Ich wußte nicht, was ich verschuldet, um die Achtung dieses Fanatikers zu verdienen; ich suchte indessen jedes Mittel der Grobheit auf, um sie zu verscherzen. Nichts aber half. Seine Zunge lief beständig Sturm auf meine wohlverschanzte Ungeduld.
In Brüssel angelangt, suchte ich ihm zu entfliehen und fühlte mich schon glücklich, als ich wieder in den Wagen einstieg, ohne eine Spur von ihm zu entdecken. Aber in dem Augenblicke, als der Zug abgehen sollte, kam er, ein Esel zwischen zwei Nachtsäcken, an den Wagen gekeucht und beteuerte mir, indem er einstieg und mir die Nachtsäcke vor die Füße warf, daß er einen viel bessern Platz hätte haben können, daß er aber, sogar mit Gefahr, zurückbleiben zu müssen, jeden Wagen untersucht, um mich ausfindig zu machen. Ich verfluchte im stillen dieses für mich so schmeichelhafte Unglück, und kaum war der Zug in Bewegung, so fing er, nämlich der Enthusiast, im Schweiße seines Angesichts wieder an, die alten Loblieder zu singen. So wenig kannte dieser Mensch den Zorn meiner Ohren, daß er mir vorschlug, in Paris, wo er schon häufig gewesen, 9 mit ihm in einem und demselben Hotel zu wohnen. Er nannte mir das Hotel. Mehr wollte ich nicht wissen. Als wir daher in Paris anlangten, suchte ich, nachdem im Bahnhof die Zöllner Herz und Nieren meiner Koffer geprüft, dem Enthusiasten zu entwischen, nahm eine Droschke und fuhr einem Hotel zu, das wenigstens eine Viertelmeile von dem entfernt ist, das mir der furchtbare Gagern-Enthusiast genannt hatte.

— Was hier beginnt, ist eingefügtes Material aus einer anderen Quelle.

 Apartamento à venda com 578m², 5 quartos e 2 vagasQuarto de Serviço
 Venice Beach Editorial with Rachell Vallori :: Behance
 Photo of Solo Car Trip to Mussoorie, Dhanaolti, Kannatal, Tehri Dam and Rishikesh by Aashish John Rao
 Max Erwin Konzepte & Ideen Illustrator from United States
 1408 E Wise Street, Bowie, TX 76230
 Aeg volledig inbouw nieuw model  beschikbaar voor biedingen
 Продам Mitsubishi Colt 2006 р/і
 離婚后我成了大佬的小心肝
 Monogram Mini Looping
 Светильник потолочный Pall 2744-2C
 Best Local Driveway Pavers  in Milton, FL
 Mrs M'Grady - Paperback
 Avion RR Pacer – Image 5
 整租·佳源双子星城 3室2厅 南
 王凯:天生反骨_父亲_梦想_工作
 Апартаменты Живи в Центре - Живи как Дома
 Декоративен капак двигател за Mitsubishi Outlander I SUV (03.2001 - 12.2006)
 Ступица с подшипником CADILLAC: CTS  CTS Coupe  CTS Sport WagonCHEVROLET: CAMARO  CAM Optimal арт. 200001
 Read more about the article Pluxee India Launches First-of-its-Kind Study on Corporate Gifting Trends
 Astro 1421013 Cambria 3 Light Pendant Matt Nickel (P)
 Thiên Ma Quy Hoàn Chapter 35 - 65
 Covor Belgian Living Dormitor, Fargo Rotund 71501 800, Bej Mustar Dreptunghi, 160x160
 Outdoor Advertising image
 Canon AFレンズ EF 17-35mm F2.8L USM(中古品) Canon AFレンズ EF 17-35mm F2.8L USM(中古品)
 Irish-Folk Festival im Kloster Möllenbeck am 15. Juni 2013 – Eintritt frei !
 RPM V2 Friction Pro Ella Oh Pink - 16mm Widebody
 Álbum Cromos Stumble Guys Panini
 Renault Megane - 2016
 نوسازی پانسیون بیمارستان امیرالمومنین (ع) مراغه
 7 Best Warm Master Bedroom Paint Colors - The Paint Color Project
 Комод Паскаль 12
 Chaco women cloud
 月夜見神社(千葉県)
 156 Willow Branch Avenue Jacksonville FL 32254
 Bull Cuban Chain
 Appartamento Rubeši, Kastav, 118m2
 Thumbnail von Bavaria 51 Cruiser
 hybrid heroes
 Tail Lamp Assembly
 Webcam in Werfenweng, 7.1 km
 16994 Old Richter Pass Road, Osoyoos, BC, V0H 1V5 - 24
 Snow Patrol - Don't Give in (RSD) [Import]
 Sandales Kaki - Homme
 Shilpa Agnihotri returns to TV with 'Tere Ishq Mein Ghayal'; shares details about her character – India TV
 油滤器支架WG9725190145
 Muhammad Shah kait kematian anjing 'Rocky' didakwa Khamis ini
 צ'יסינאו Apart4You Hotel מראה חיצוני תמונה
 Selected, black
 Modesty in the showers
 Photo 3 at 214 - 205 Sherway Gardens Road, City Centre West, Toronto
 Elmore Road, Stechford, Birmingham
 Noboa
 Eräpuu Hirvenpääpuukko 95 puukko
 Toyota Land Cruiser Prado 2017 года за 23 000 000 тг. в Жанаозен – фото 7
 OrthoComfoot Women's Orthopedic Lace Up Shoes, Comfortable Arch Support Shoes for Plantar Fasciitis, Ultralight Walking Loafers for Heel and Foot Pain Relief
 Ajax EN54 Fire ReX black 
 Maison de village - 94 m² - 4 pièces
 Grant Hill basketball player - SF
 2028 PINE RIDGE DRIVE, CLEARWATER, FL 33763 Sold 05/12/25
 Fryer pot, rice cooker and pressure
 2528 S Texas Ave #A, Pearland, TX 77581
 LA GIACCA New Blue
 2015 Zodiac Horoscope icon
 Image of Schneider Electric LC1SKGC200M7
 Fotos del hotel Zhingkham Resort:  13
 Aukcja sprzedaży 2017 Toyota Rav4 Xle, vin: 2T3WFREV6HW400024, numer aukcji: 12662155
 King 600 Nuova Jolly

Ich feierte meine Erlösung; ich war in Paris.
Die meisten Menschen sehen und hören sich einen Rausch, wenn sie zum ersten Male diese Weltstadt besuchen; und ich muß gestehen, daß auch ich, trotz meiner Anstrengung, nicht ganz nüchtern blieb. Der Eindruck, den Paris auf mich hervorbrachte, war ein überaus gewaltiger, ein unbeschreiblicher. Es sind nicht jene herrlichen Bauten, in denen die großartigen Szenen der Weltgeschichte gespielt wurden, es sind nicht die kolossalen Monumente von Erz und Stein, die diesen gewaltigen Eindruck auf mich hervorbrachten: es ist das bewegte Leben und Treiben, es sind tausend Einzelheiten, die mich bewältigten.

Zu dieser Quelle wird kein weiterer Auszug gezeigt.